In [2]:
import numpy as np
import pandas as pd
import datetime
from pyspark.sql import SparkSession

spark = SparkSession \
    .builder \
    .appName('my_first_app_name') \
    .getOrCreate()

In [16]:
# 1、Creates a new map column.
from pyspark.sql.functions import create_map

df = spark.createDataFrame([(1, "John Doe", 21), (2, "mary", 23)], ("id", "name", "age"))
df.show()

temp = df.select(create_map([df.name, df.age]).alias("map"))
print(temp, temp.dtypes, type(temp))
temp.show()
print(temp.take(1)[0][0], type(temp.take(1)[0][0]), temp.take(1)[0][0]["John Doe"], type(temp.take(1)[0][0]["John Doe"]))

+---+--------+---+
| id|    name|age|
+---+--------+---+
|  1|John Doe| 21|
|  2|    mary| 23|
+---+--------+---+

DataFrame[map: map<string,bigint>] [('map', 'map<string,bigint>')] <class 'pyspark.sql.dataframe.DataFrame'>
+----------------+
|             map|
+----------------+
|[John Doe -> 21]|
|    [mary -> 23]|
+----------------+

{'John Doe': 21} <class 'dict'> 21 <class 'int'>


In [19]:
# 2、创建列表
from pyspark.sql.functions import array
temp = df.select(array('name', 'age').alias("arr")) # str和int 类型进数组，int类型自动转换为str类型
print(temp, temp.dtypes, type(temp))
temp.show()
print(temp.take(1)[0][0], type(temp.take(1)[0][0]), temp.take(1)[0][0][1], type(temp.take(1)[0][0][1]))

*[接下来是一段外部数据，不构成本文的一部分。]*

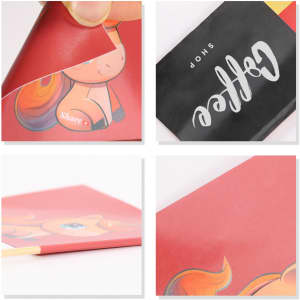 A pack of colourful sticky flags featuring a playful design with a cartoon pony. Includes a branded logo.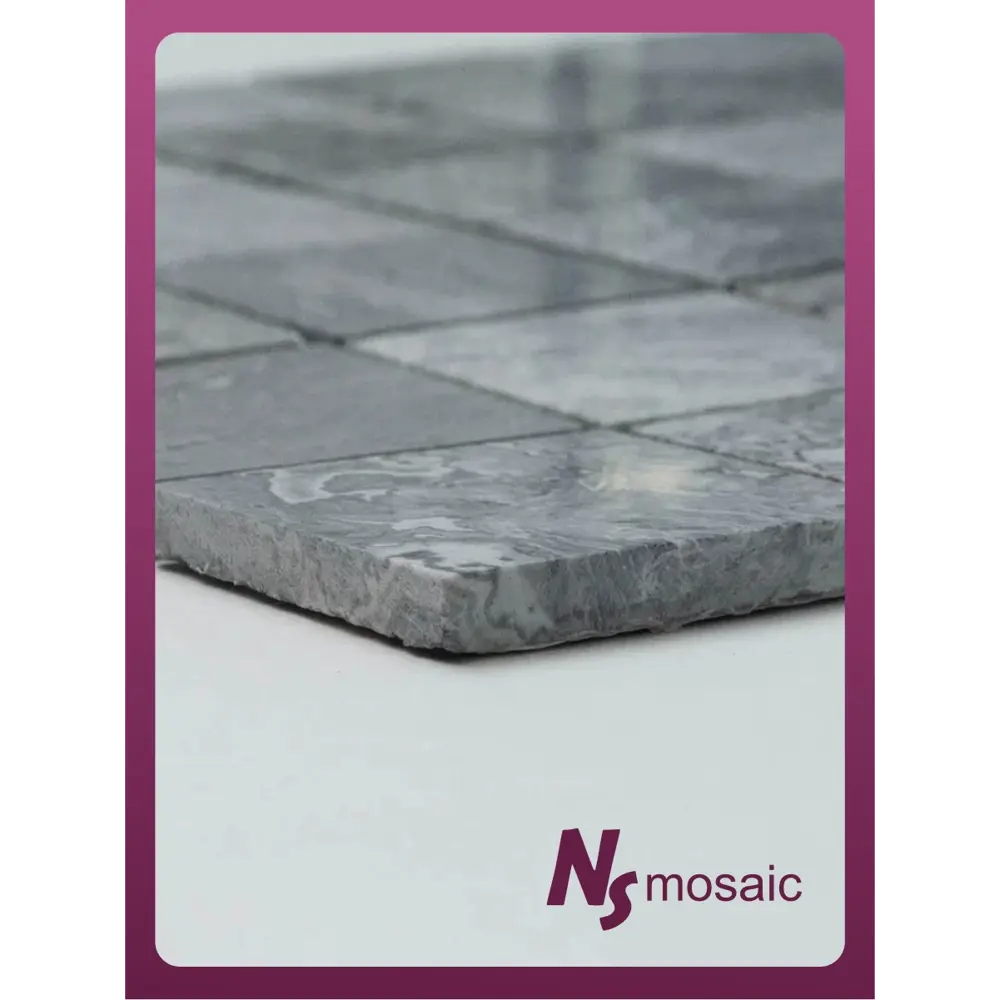 Фото 4 Декоративная мозаика Nsmosaic Kp 765 NS05ST0064nsk 29.8x29.8см цвет Серый/серебристый Фото 4 Декоративная мозаика Nsmosaic Kp 765 NS05ST0064nsk 29.8x29.8см цвет Серый/серебристый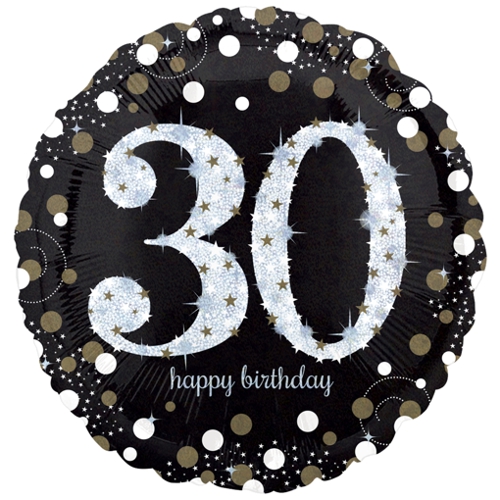 Folienballon-Jumbo-30.-Geburtstag-Sparkling-Birthday-30-Luftballon-Geschenk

DataFrame[arr: array<string>] [('arr', 'array<string>')] <class 'pyspark.sql.dataframe.DataFrame'>
+--------------+
|           arr|
+--------------+
|[John Doe, 21]|
|    [mary, 23]|
+--------------+

['John Doe', '21'] <class 'list'> 21 <class 'str'>


In [23]:
# 3、元素存在判断
# 相当于 pandas.isin, pandas.notin
from pyspark.sql.functions import array_contains

df = spark.createDataFrame([(["a", "b", "c"],), ([],), (["aa", "bb"],)], ['data'])
df.show()
df.select(array_contains(df.data, "a")).show()

+---------+
|     data|
+---------+
|[a, b, c]|
|       []|
| [aa, bb]|
+---------+

+-----------------------+
|array_contains(data, a)|
+-----------------------+
|                   true|
|                  false|
|                  false|
+-----------------------+



In [26]:
# 4、数据拉直
# Returns a new row for each element in the given array or map
from pyspark.sql import Row
from pyspark.sql.functions import explode
df = spark.createDataFrame([(["a", "b", "c"], "mary", 23), ([],"join", 33), (["aa", "bb"], "jack", 4)], ['data',"name", "age"])
df.show()
df.select(explode('data').alias("str")).show()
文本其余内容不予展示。